Exercise description ▸
Drop the images; return everything else in the listing below exactly.

Dataset section ▸
****
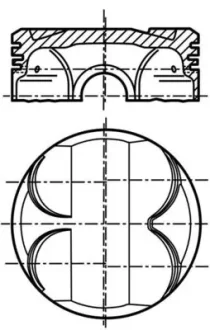 Поршень Mahle 081PI00111001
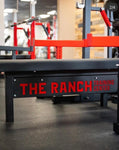 Customized steel plates under bench frame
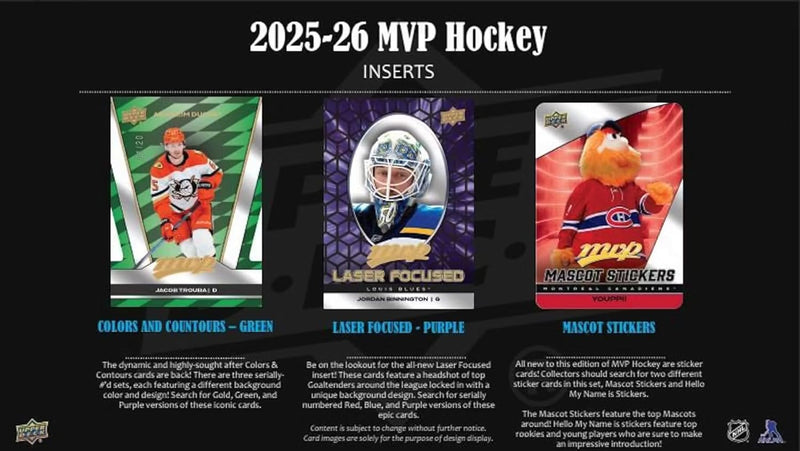 Upper Deck 2025-2026: MVP Hockey Hobby Booster Pack Sports Cards Upper Deck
****
Written response ▸
 Поршень Mahle 081PI00111001
 Customized steel plates under bench frame
 Upper Deck 2025-2026: MVP Hockey Hobby Booster Pack Sports Cards Upper Deck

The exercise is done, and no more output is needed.